Outre sa douceur et la chaleur qu’elle procure, l’hermine était l’attribut
d’Anne de Bretagne, tout comme le porc-épic était celui de Louis XII.
    Son obsession d’économies n’altérait en rien ce qui touchait
au bien-être de ceux si précieux qui l’entouraient et de ceux si rares qui
avaient l’heur de jouir de son affection. J’étais choyé royalement, le terme
n’avait jamais été mieux approprié. Selon ses ordres, on ne lésinait pas sur
les dépenses affectées à mon entretien. Rien n’était trop cher, rien n’était
trop beau. J’étais partie prenante des dépenses du roi dans les comptes
d’argenterie de la Couronne.
    Je n’avais pas besoin de monnaies sonnantes et trébuchantes,
il me suffisait d’exprimer un souhait, il était exaucé dans l’heure ; il
me suffisait de demander un objet, un vêtement, une friandise, on me
l’apportait dans les instants qui suivaient.

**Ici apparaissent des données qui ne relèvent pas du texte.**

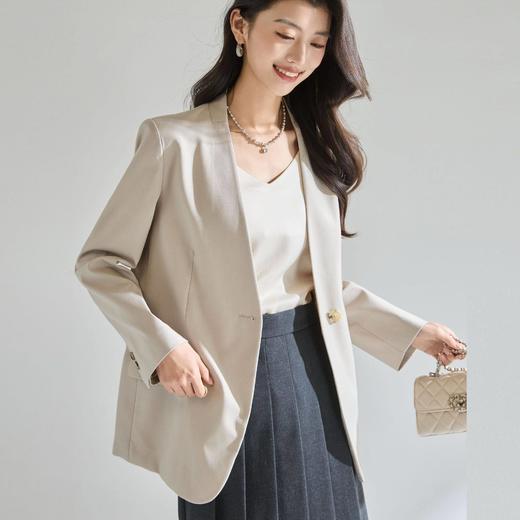 「高货sh」全新升级【铂金会员284/天猫379/差价95】(94553)洛诗琳极简V领西装外套2026春季新款宽松休闲通勤上衣 商品图0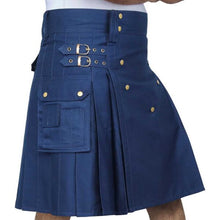 Load image into Gallery viewer, Men Scottish Fashionable Utility Kilt For Men&#39;s 100% Cotton Cargo Pockets Kilt
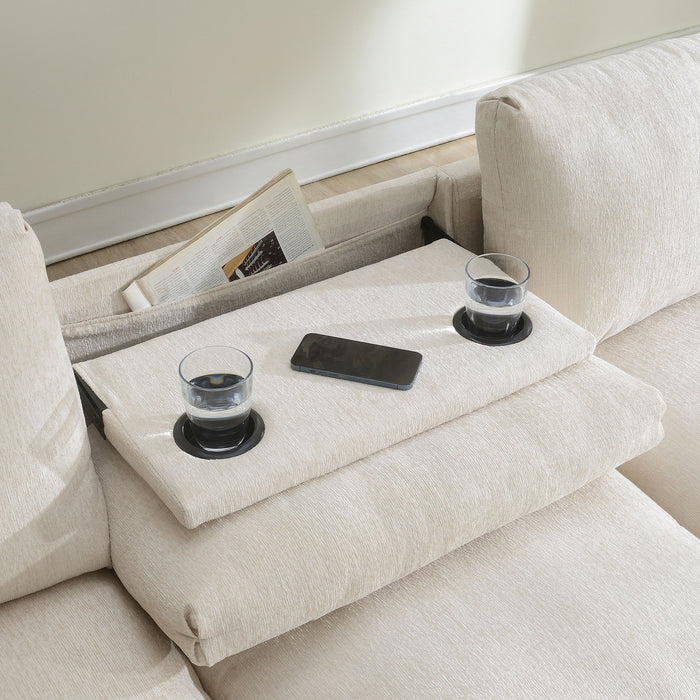 Sectional With Bluetooth Speaker Comfy Cloud Couch Set With Drop Down Table Cup Holders, USB Charger Storage Armrest Wide Seat Sofa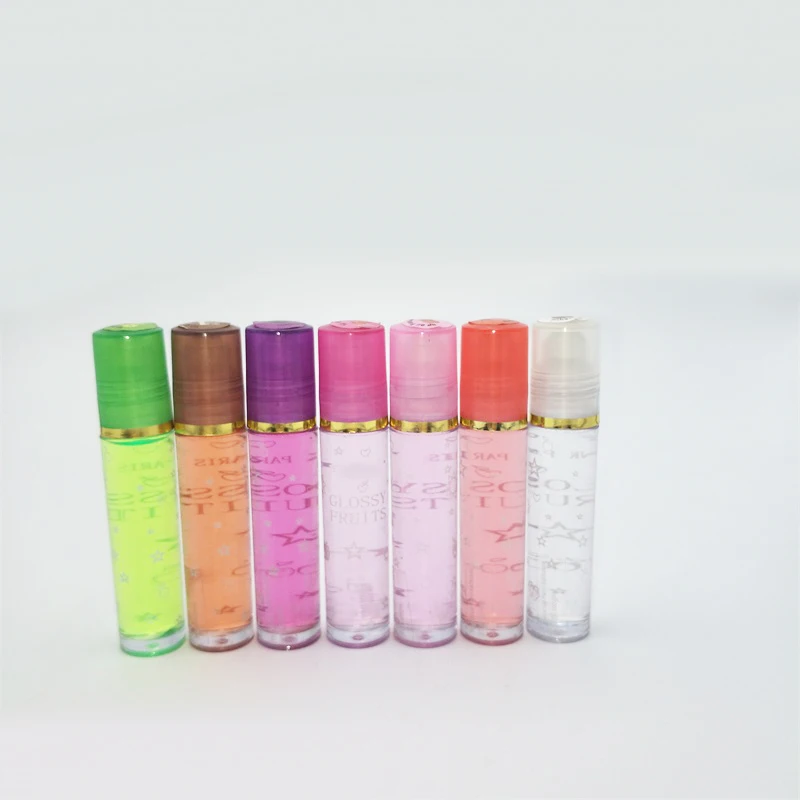 Private Label Lip Oil Fruit Flavor Clear Lip Gloss Roller Ball Moisture ...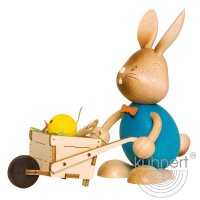 Kuhnert Erzgebirge Stupsi Hase mit Schubkarre Höhe...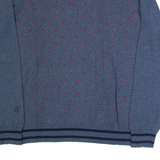 VANS Mens Patterned Jumper Blue Spotted Tight Knit M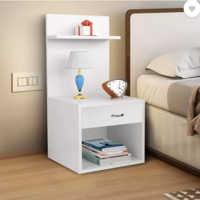 KAWACHI Sofa Side Bedside Table with Drawer Open Cabinet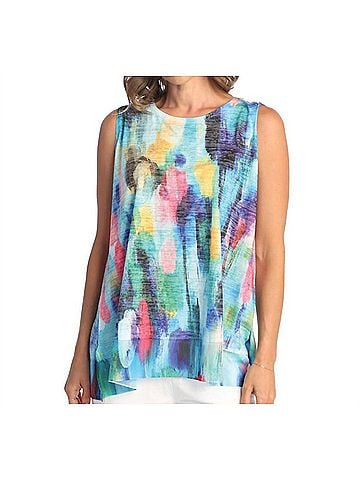 Jess & Jane Fiji Burnout Sleeveless Top in Blue Multi (view 2)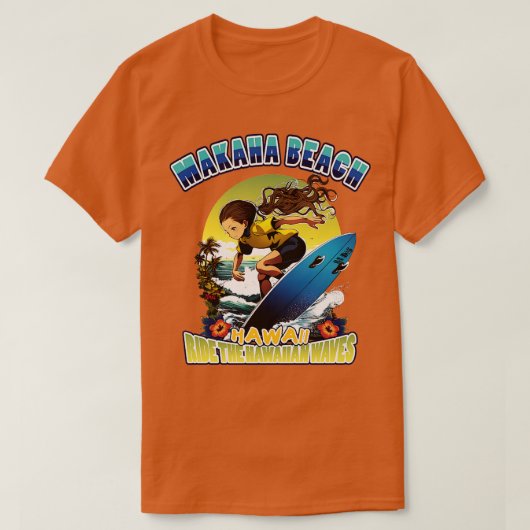 Hawaii makaha Beach Surfen 80802 TShirt (Design vorne)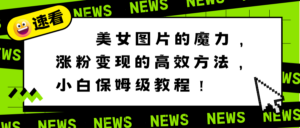 美女图片的魔力,涨粉变现的高效方法,小白保姆级教程!-高华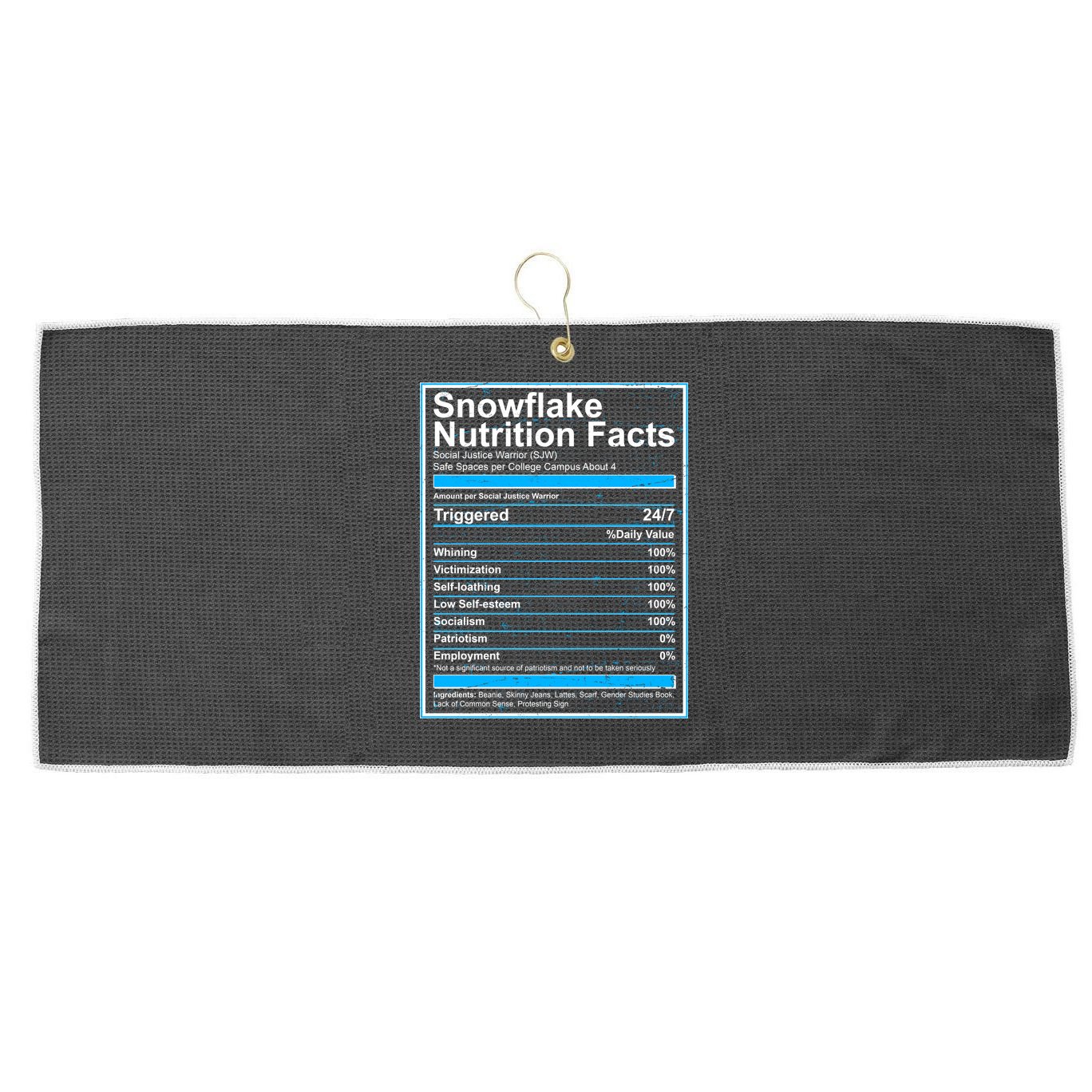 Snowflake Nutrition Facts Large Microfiber Waffle Golf Towel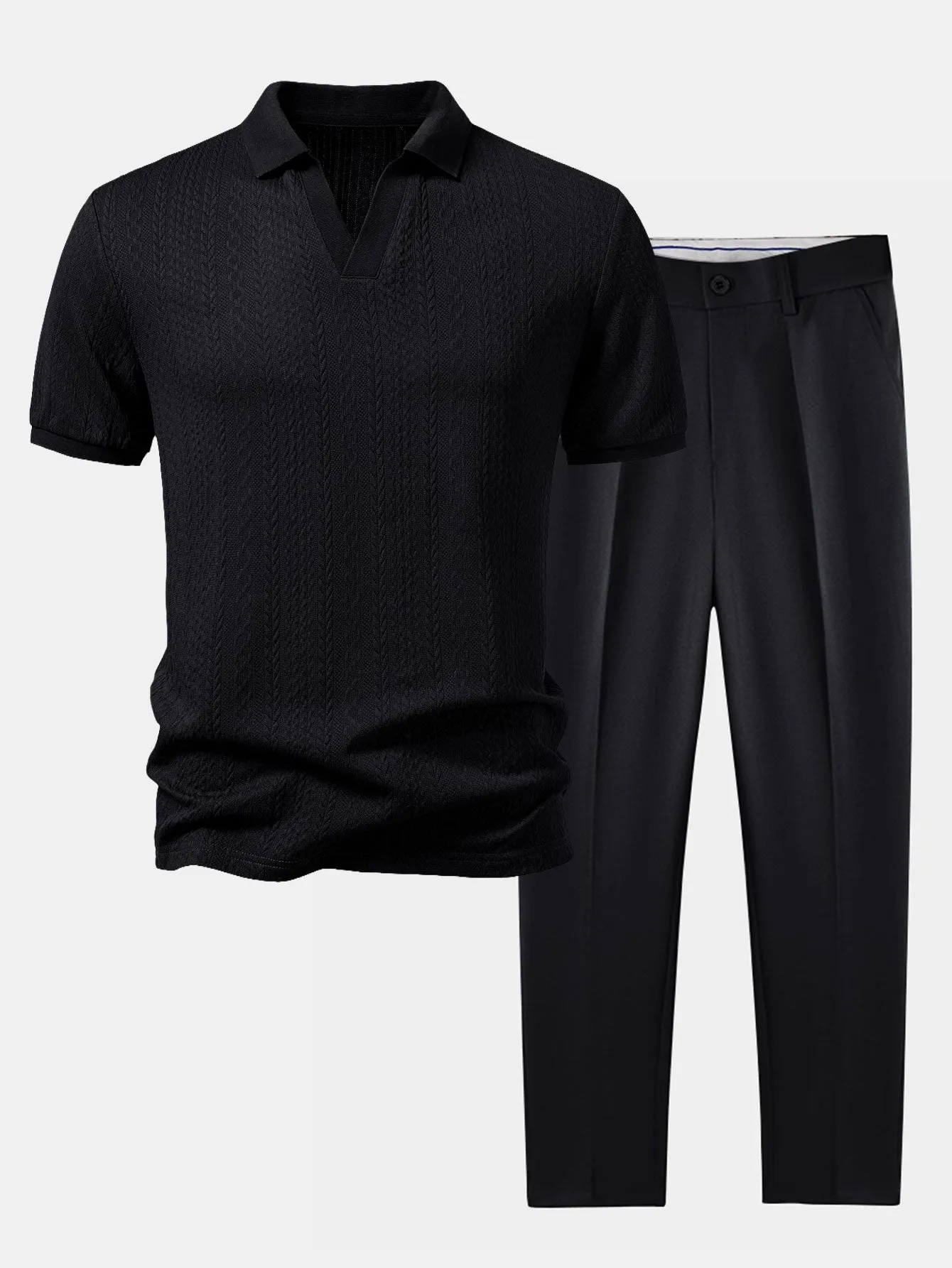 Twist Jacquard V Neck Polo & Slim Fit Tapered Trousers sold by Hoooyi product image thumbnail 2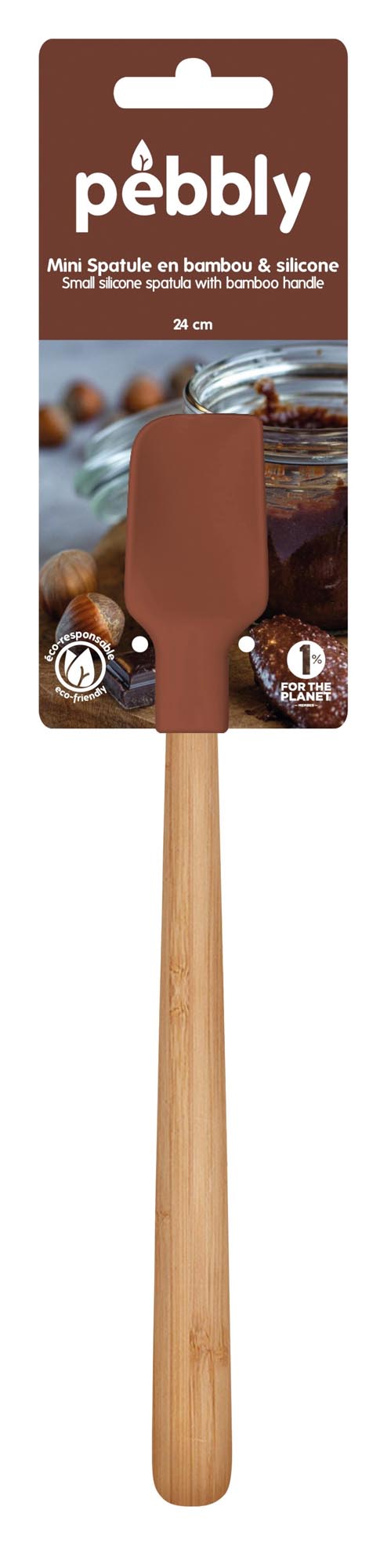 Entdecken Sie den Pebbly Mini Spachtel in Schokolade (24 cm) – ein elegantes Backutensil aus langlebigem Bambus und flexiblem Silikon, perfekt für Hobbybäcker!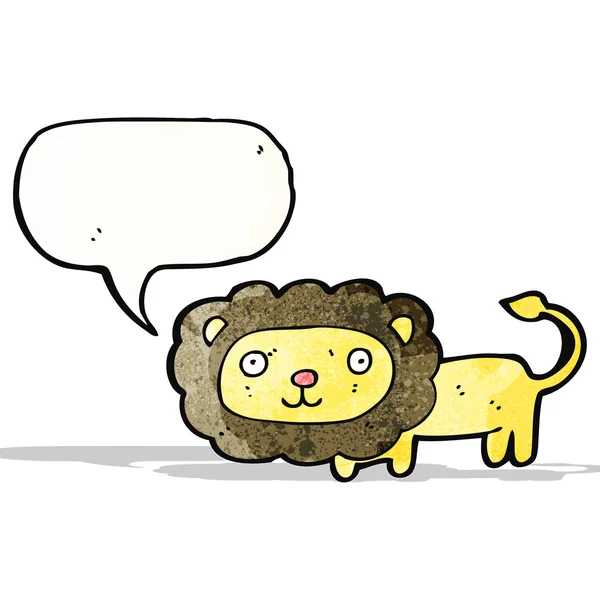 Cartoon lion with speech bubble — Stock Vector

    Je ne revêtais pas tout le temps la livrée distinctive de ma
fonction, non ! Seulement dans les cérémonies officielles pour lesquelles
on me taillait chaque fois un habit neuf où la couleur jaune dominait grâce au
safran que l’on tirait du pistil du crocus. Ce colorant était aussi un aromate
réputé pour exciter le rire et en trop respirer le parfum pouvait conduire à la
folie. Quelle aubaine pour moi ! Je sentais bon le safran et mon roi m’en
faisait compliment, ce à quoi je lui rétorquais :
    « Beau Sire, c’est parce que je suis si franc que je me
parfume au safran. »
    Et j’ajoutais : « C’est le parfum de la franchise
et ces arômes vous prouvent que je ne suis guère enclin à vous parler
autrement ! »
    J’étais aussi bien vêtu qu’aucun des plus magnifiques
seigneurs du royaume. Les étoffes de mes habits de tous les jours étaient les
mêmes que celles du roi. Je ne m’habillais plus comme un fou mais comme le roi.